Segment Start: INFORMATION GIVEN
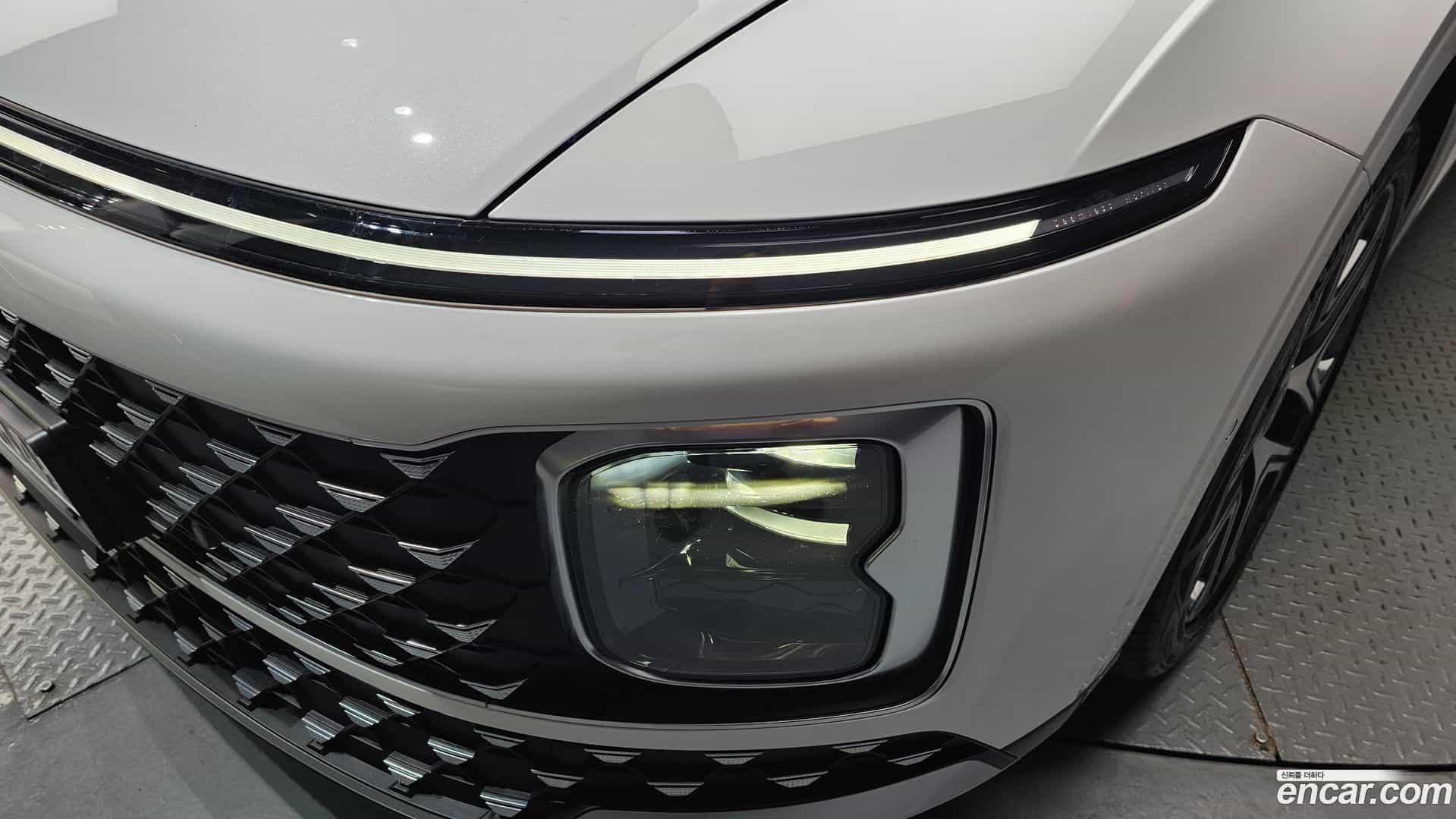 Grandeur Hyundai 2025.0-OUTER-032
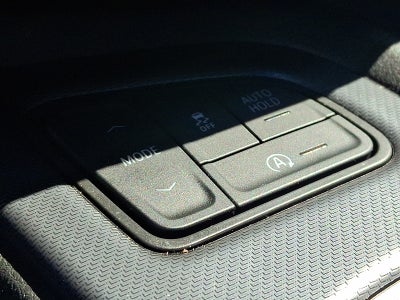 2021 Cadillac CT5 Premium Luxury
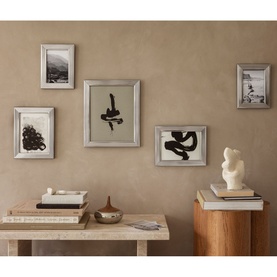Bernadotte Large Picture Frame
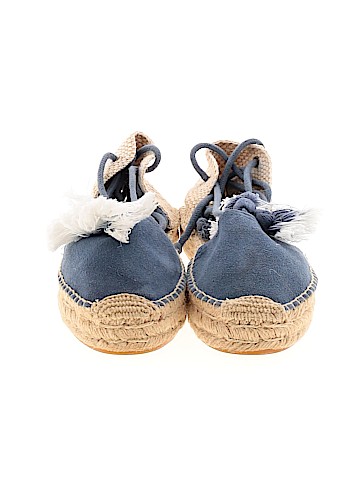 Soludos Flats (view 2)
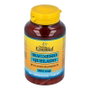 NATURE ESSENTIAL Magnesio Quelado 300mg 250 comprimés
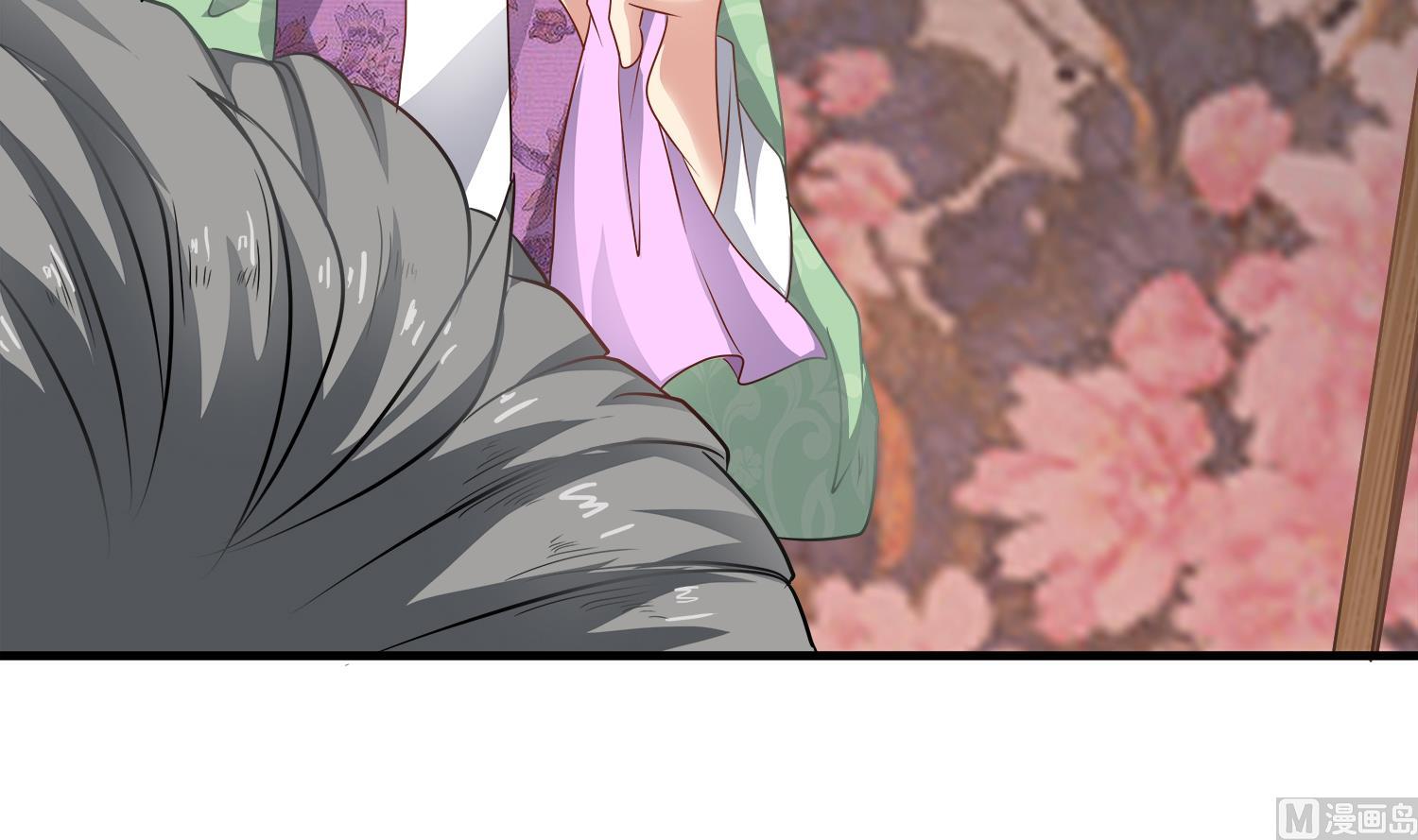 第108话 苏河进妓院(1/2)-第109话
Segment End: INFORMATION GIVEN
Copy each entry exactly, with no pictures.

WRITTEN SOLUTION:
 Grandeur Hyundai 2025.0-OUTER-032
 2021 Cadillac CT5 Premium Luxury
Bernadotte Large Picture Frame
 Soludos Flats (view 2)
 NATURE ESSENTIAL Magnesio Quelado 300mg 250 comprimés
 第108话 苏河进妓院(1/2)-第109话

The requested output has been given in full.